I rejoiced greatly in the Lord that at last you renewed your concern for me. Indeed, you were concerned, but you had no opportunity to show it. I am not saying this because I am in need, for I have learned to be content whatever the circumstances. I know what it is to be in need, and I know what it is to have plenty. I have learned the secret of being content in any and every situation, whether well fed or hungry, whether living in plenty or in want. I can do all this through him who gives me strength.

Yet it was good of you to share in my troubles.

Philippians 4

I am not sure to what extent I’m an ascetic, although what that precisely means in practice varies in monastic orders, but in some ways I see myself as a monk at heart. All in Jesus are called to be separate from the world system, since in Jesus we’re not of the world anymore than he is (John 17). How Christians live that out can vary as well. It is not a sin to happen to make a lot of money, and have worldly wealth, and surely a kind of built in monkish, or monastic discipline ought to accompany that.

Unfortunately in too many of our Christian traditions, to live simply on purpose for Christ and the gospel is not a focus, and not taught in our churches, I’m afraid. We don’t necessarily buy into the vision of the American dream, in fact, in many ways we may repudiate it. But we all too often live in the default of what we know, not realizing there may be other options, or ways to live, which may avoid much of the unnecessary overhead imposed on our society. Of course the American economic system is built on people buying more and more things they don’t need.

Paul was a model to the people of his day of one who followed Christ, and we should learn what we can from his example found in scripture to do the same. And a big part of that was contentedness, no matter what his lot. I’m sure when the extra money came in, while he may have not been averse to living it up a little, or enjoying this or that which otherwise he couldn’t have, by and large he used what extra he had to meet needs of others, to help the poor, a big priority for Christianity, prominent in the New Testament (and throughout the Bible, for that matter).

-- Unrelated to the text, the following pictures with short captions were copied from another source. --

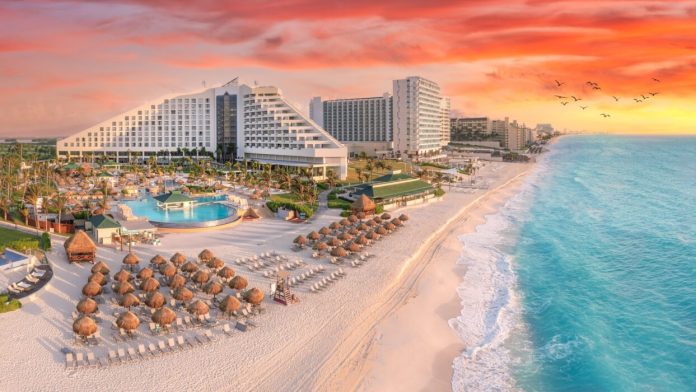 Guía completa para visitar Cancún: playas, vida nocturna y consejos esenciales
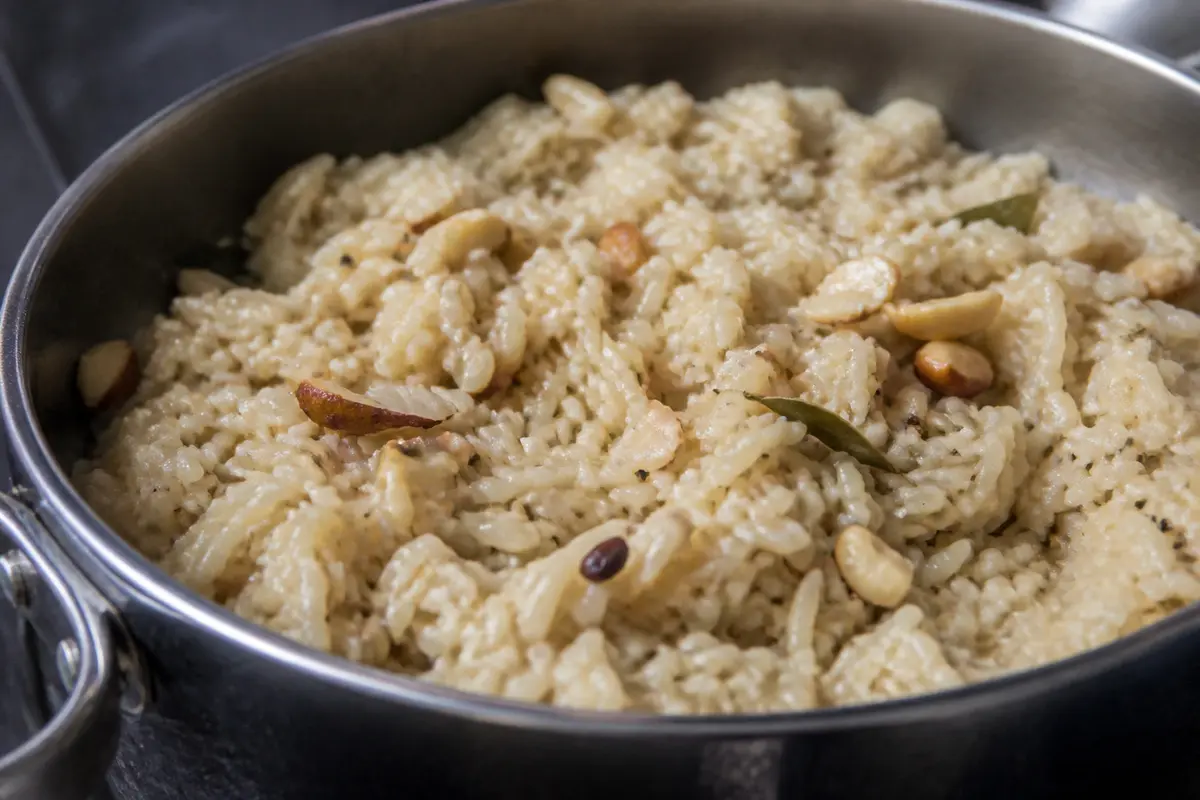 Plat crémeux de riz au coconut garni de noix et de feuilles de curry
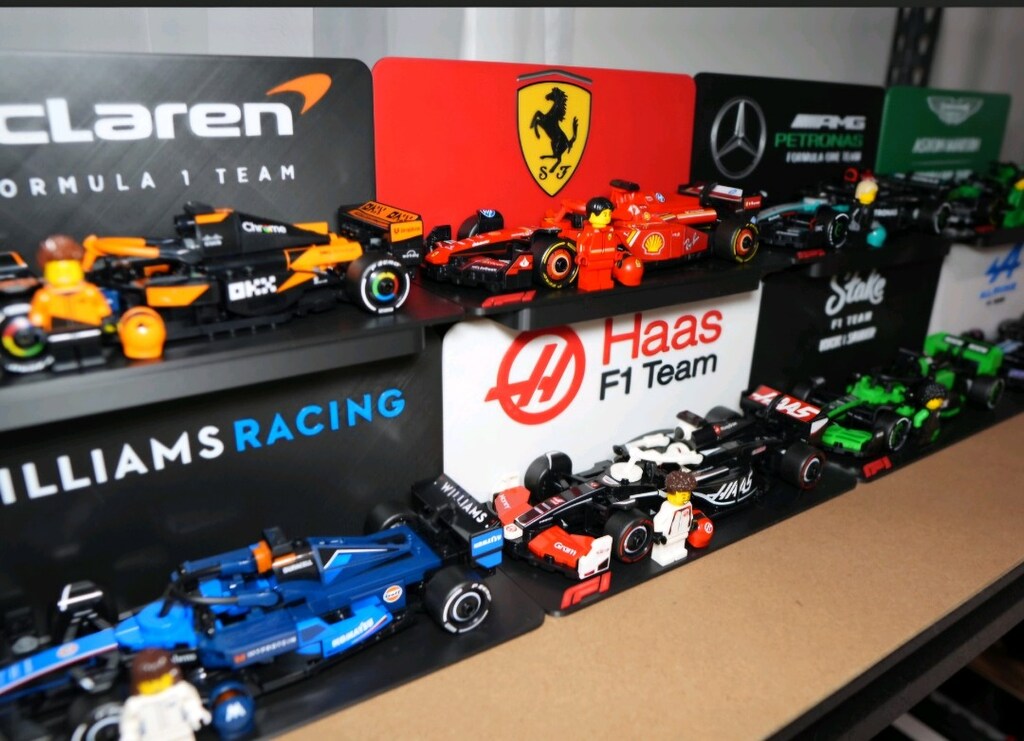 Motorsporları Tutkunlarına Özel: Model Araç Sergileme Standı - 3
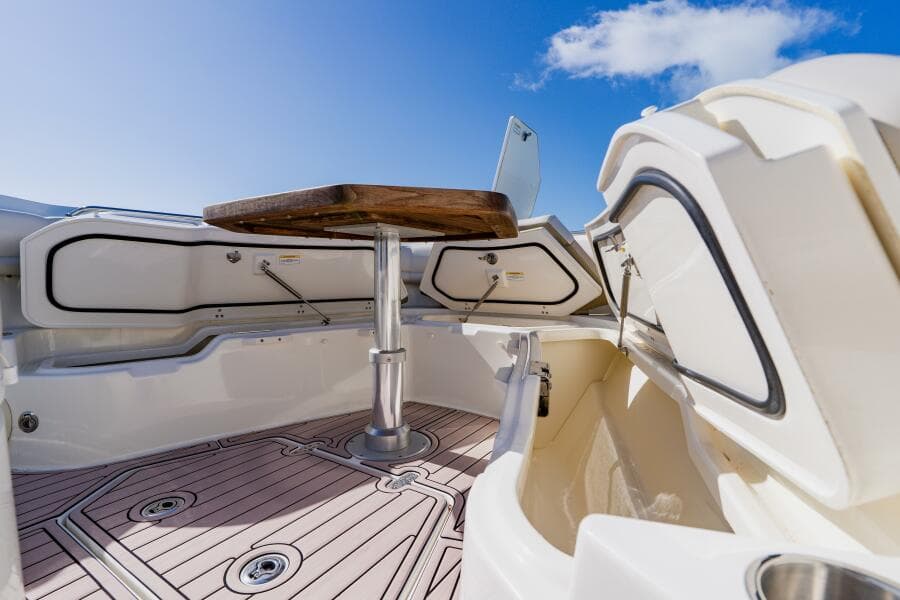 2019 Boston Whaler 380 Outrage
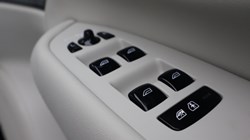 2025 (75) VOLVO XC90 2.0 B5P Ultra Bright 5dr AWD Geartronic *VAT QUALIFYING* 4663253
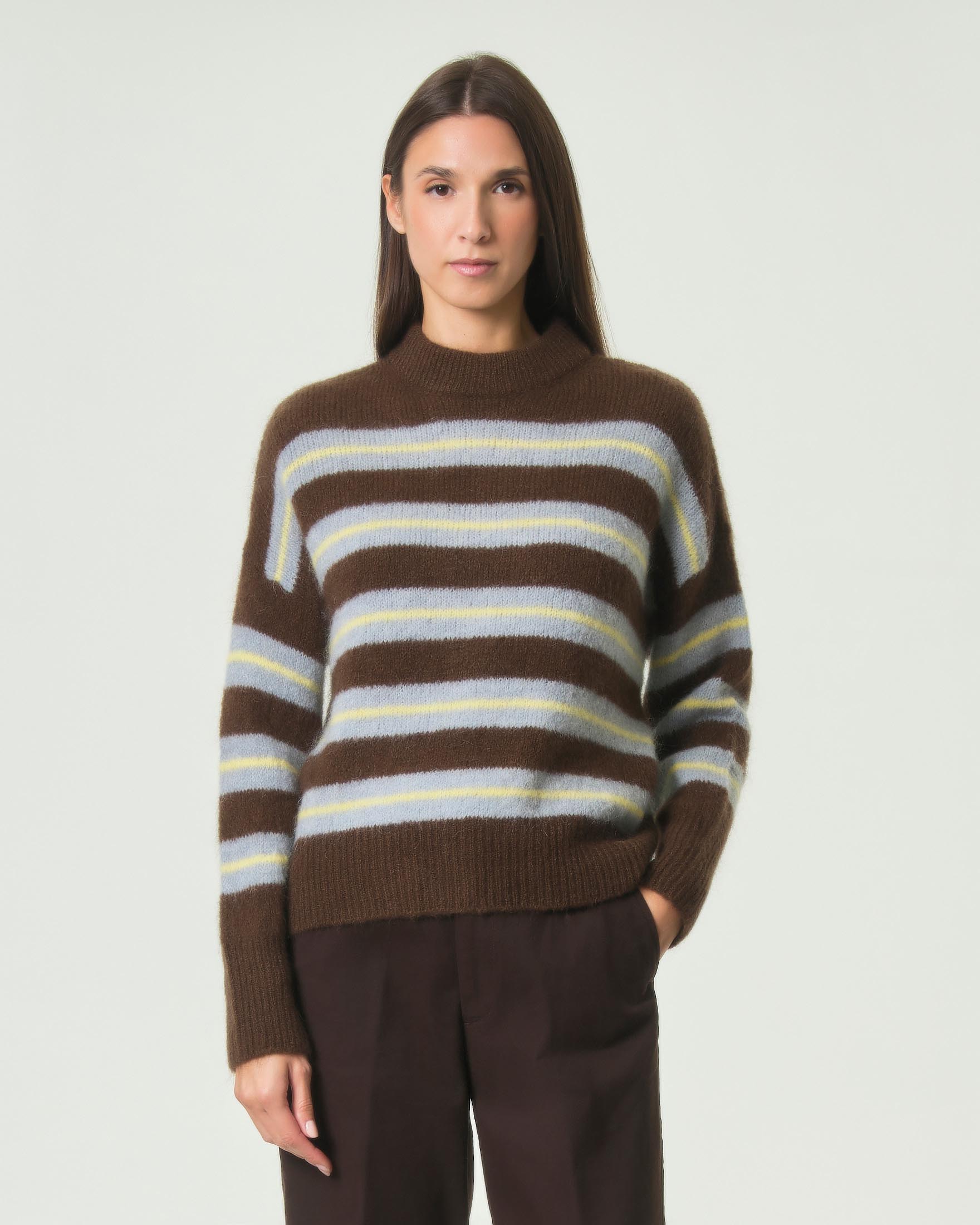 Maglia girocollo Hlo! marrone in misto lana e mohair con bordi a coste e righe azzurre e gialle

I don’t see my life as a good model for all of this, however I have awakened in later years to understand what it takes to live out what I actually originally set out to do. Yet failed to some extent, due to the influence of the world. Now, while it’s too late to change water that’s gone under the bridge, I can say that I’m more content than ever with simplicity, and the routine the Lord has given me with my wife and family, and with the job I have. As long as I can have a scripture in hand with a cup of coffee, and hopefully do good works and pray, and have my nose in a good book along the way, I’m happy. The extra frills, like a glass of wine, or a nice vacation trip are certainly good as well. We in Jesus learn to receive all of life as a gift from God, including the more difficult times. It is something we are to continue to work at and grow in, and as Paul indicates, true of his own experience, it’s an acquired discipline, one might even say an acquired taste. So that more and more this is the rhythm and pattern in how we live with others in the way of Jesus.